Sauerbraten, which means "sour roast," is often called Germany's National Dish. It is made by marinating a beef roast in a sour-sweet marinade for 2 to 3 days before browning it, then simmering the meat in the marinade for several hours, resulting in a very tender roast and a delicious sauce. Different regions in Germany have different recipes for this dish but Rhineland Sauerbraten is the most famous. It is generally sweeter and contains raisins and gingerbread whereas Swabian Sauerbraten has no sweetening or raisins. Regardless of the ingredients used to make Sauerbraten, the most important ingredient is time. The roast must marinade for three to four days before it is cooked. Sauerbraten is traditionally served with dumplings, boiled potatoes or noodles. In Swabia it is traditionally served with Spätzle.
One of Germany's favourite dishes, currywurst consists of bite size pieces of sausage covered in a tomato-curry sauce. It was invented in Berlin on September 4, 1949 by a snack shop owner called Herta Heuwer grew in popularity over the years. Today more than 800 million Currywurst are eaten by Germans all over the country, particularly in Berlin, which claims to the the "Currywurst Capital" of Germany and where you'll find the German Currywurst museum.
This is a generic word meaning cutlet of either veal or pork. The most famous of Schnitzel dishes is, of course, the Wiener Schnitzel. However, genuine Wiener Schnitzel is made from breaded veal cutlets and only dishes that use veal can be called Wiener Schnitzel. If pork is used, the dish must be called Schnitzel nach Wiener Art or Wiener Schnitzel vom Schwein. Wiener Schnitzel is served with a wedge of lemon, which is squeezed over the top, parsley potatoes (Petersilienkartoffeln), potato salad (Kartoffelsalat) or cucumber salad (Gurkensalat). Less traditional side dishes are rice (Reis), mashed potatoes (Kartoffelpuree), french fries (Pommes frites) and fried potatoes (Bratkartoffeln). Other popular Schnitzel dishes:
Jägerschnitzel – pork or veal cutlet with a cream- or tomato-based mushroom sauce
Zigeunerschnitzel – pork or veal cutlet with a tomato-mushroom sauce spiced with paprika
Cordon Bleu – pork or veal cutlet stuffed with cheese and ham
Schnitzel Holstein – served with an egg and anchovies
Semmelknödel are a specialty from Southern German, Austrian and Bohemian cuisine. They are made with bread rolls that are at least a day old, which are then soaked in milk.

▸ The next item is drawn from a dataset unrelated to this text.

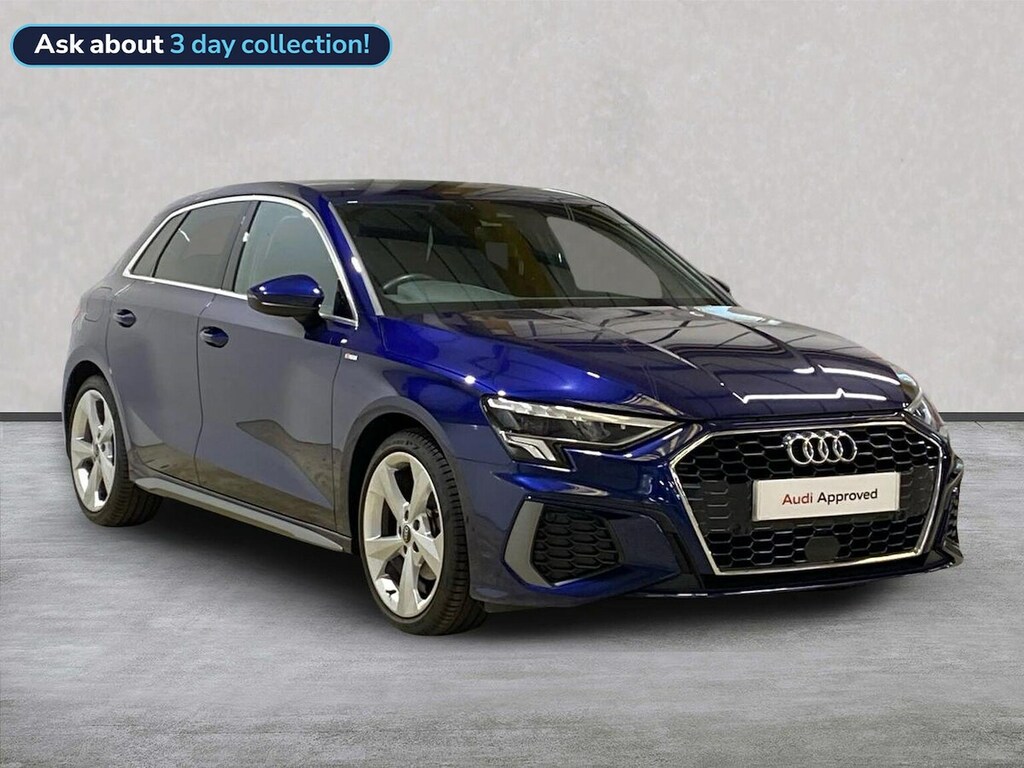 Audi A3 2.0 Tdi 35 S Line Sportback S Tronic Eu Blue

They are usually served with dishes such as Schweinsbraten (Pork roast) or other meats with gravy or mushroom sauce.
This is very similar to the Italian Ossobucco. It is a shank (leg) of veal that is slowly braised to produce a succulent meat.
Yeast dumplings are made with milk, yeast, salt, sugar and butter poached in a small amount of sweetened milk and butter or salted water and butter. They can be eaten as a main dish served with a sauce, or as a dessert accompanied by vanilla sauce or a fruit sauce. They are also often eaten with potato soup.
A savory tart made with onions, cream, eggs and bacon on a yeast bread base. It is a particularly popular dish in wine-growing regions around the time that Federweißer, the young, unfermented wine is available.